PROVIDED DATA below:

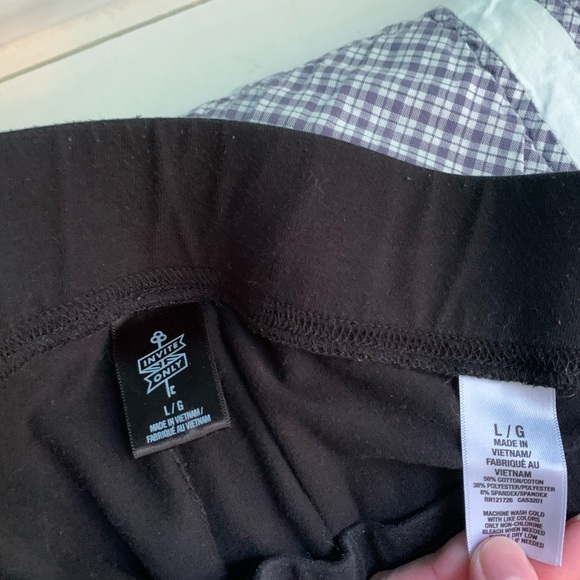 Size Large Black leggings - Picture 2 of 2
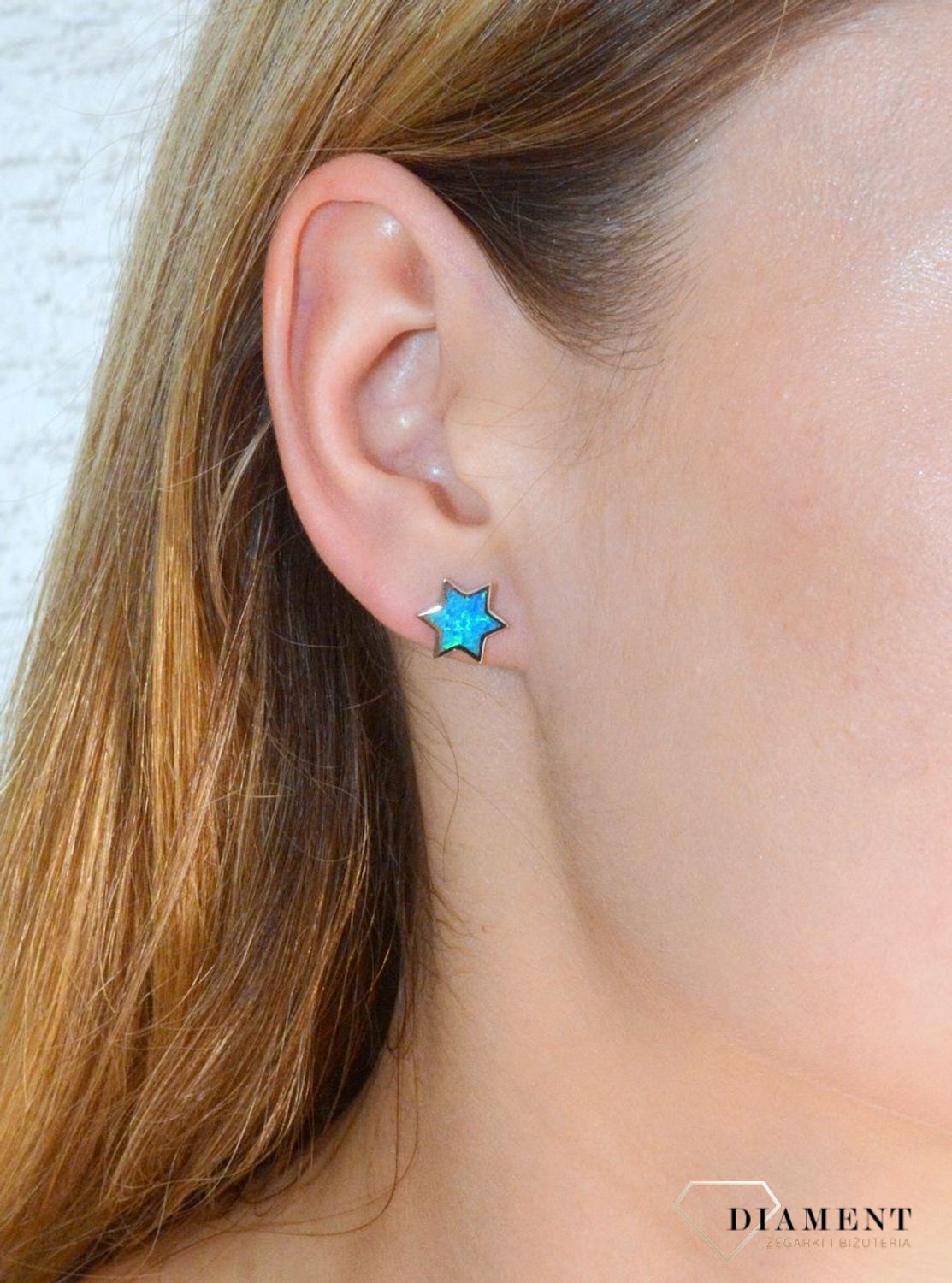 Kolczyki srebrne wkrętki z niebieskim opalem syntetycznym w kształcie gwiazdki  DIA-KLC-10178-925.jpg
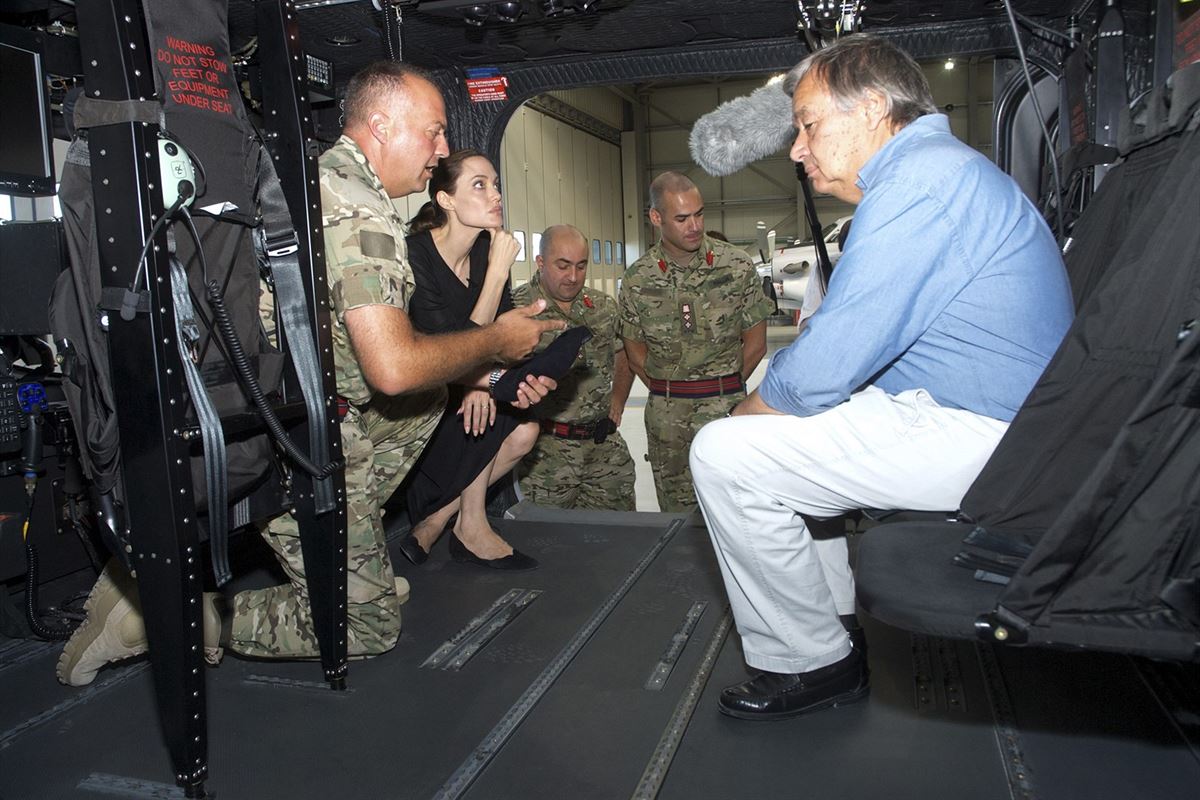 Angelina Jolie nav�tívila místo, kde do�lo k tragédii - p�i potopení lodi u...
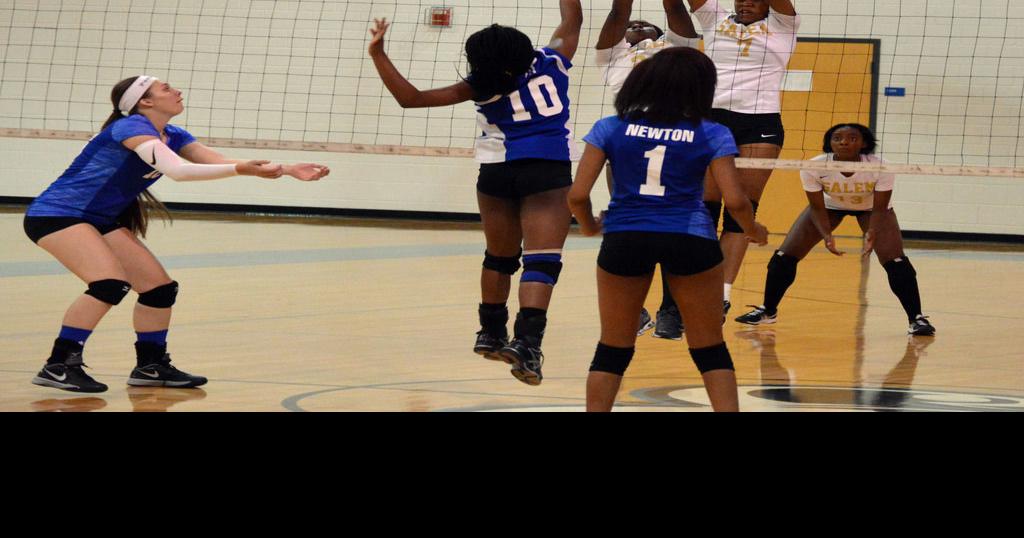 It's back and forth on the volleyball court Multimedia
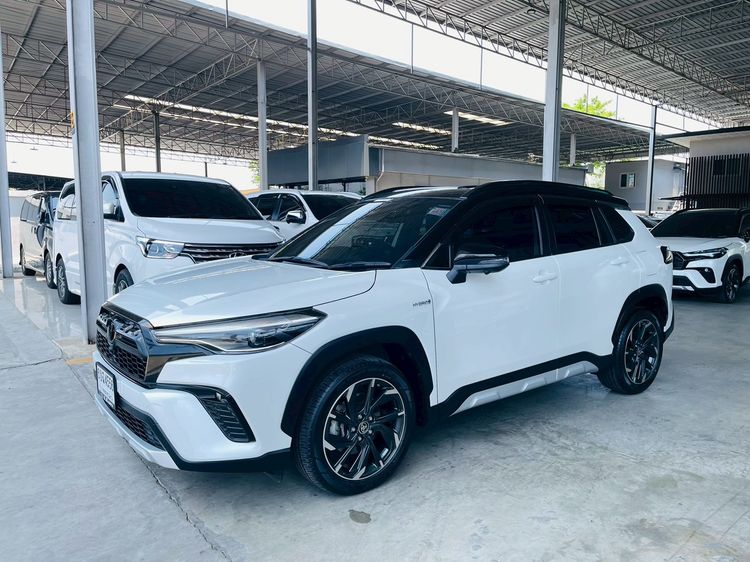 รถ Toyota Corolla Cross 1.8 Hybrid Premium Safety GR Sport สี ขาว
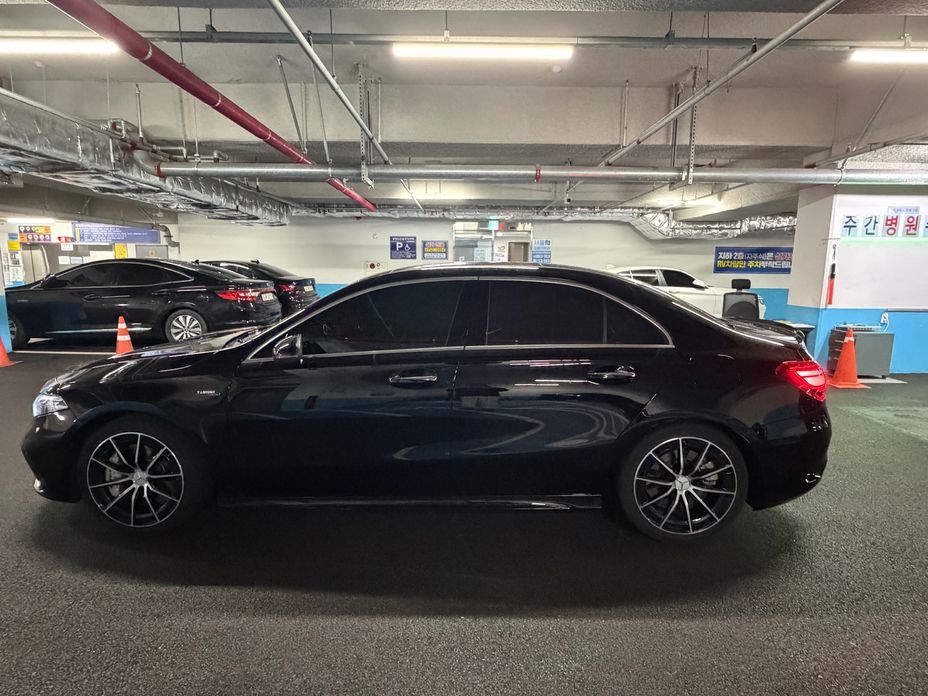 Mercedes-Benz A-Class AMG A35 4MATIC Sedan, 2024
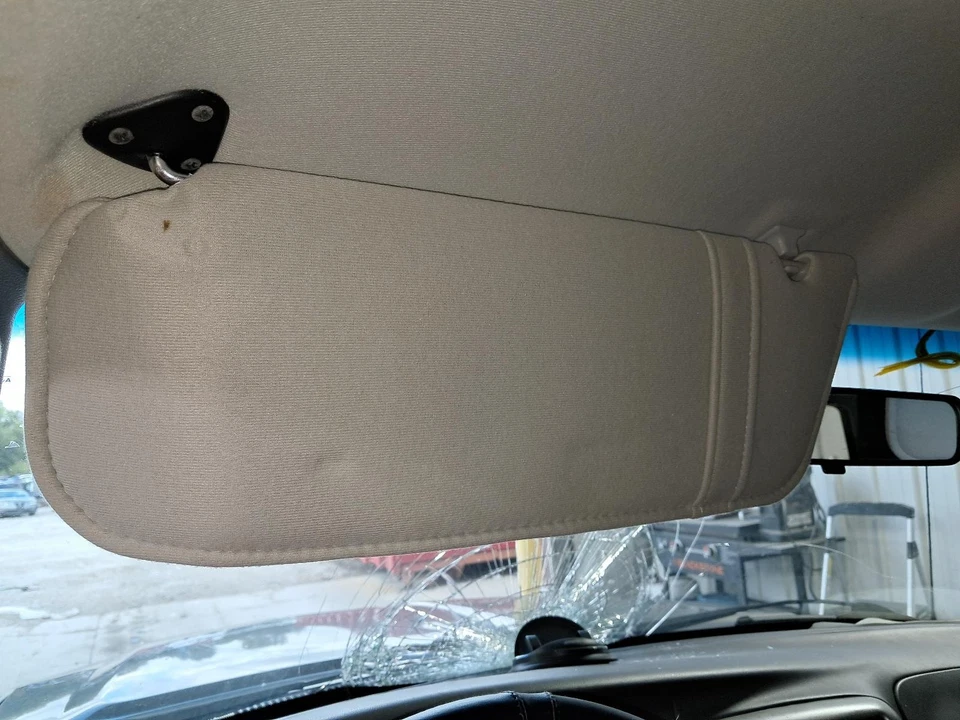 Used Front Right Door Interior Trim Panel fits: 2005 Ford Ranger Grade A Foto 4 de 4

End of PROVIDED DATA.

| WHAT YOU ARE ASKED TO DO |
Pictures in the records above are not copied; print everything else exactly.

| ANSWER BELOW |
 Size Large Black leggings - Picture 2 of 2
 Kolczyki srebrne wkrętki z niebieskim opalem syntetycznym w kształcie gwiazdki  DIA-KLC-10178-925.jpg
 Angelina Jolie nav�tívila místo, kde do�lo k tragédii - p�i potopení lodi u...
 It's back and forth on the volleyball court Multimedia
 รถ Toyota Corolla Cross 1.8 Hybrid Premium Safety GR Sport สี ขาว
 Mercedes-Benz A-Class AMG A35 4MATIC Sedan, 2024
 Used Front Right Door Interior Trim Panel fits: 2005 Ford Ranger Grade A Foto 4 de 4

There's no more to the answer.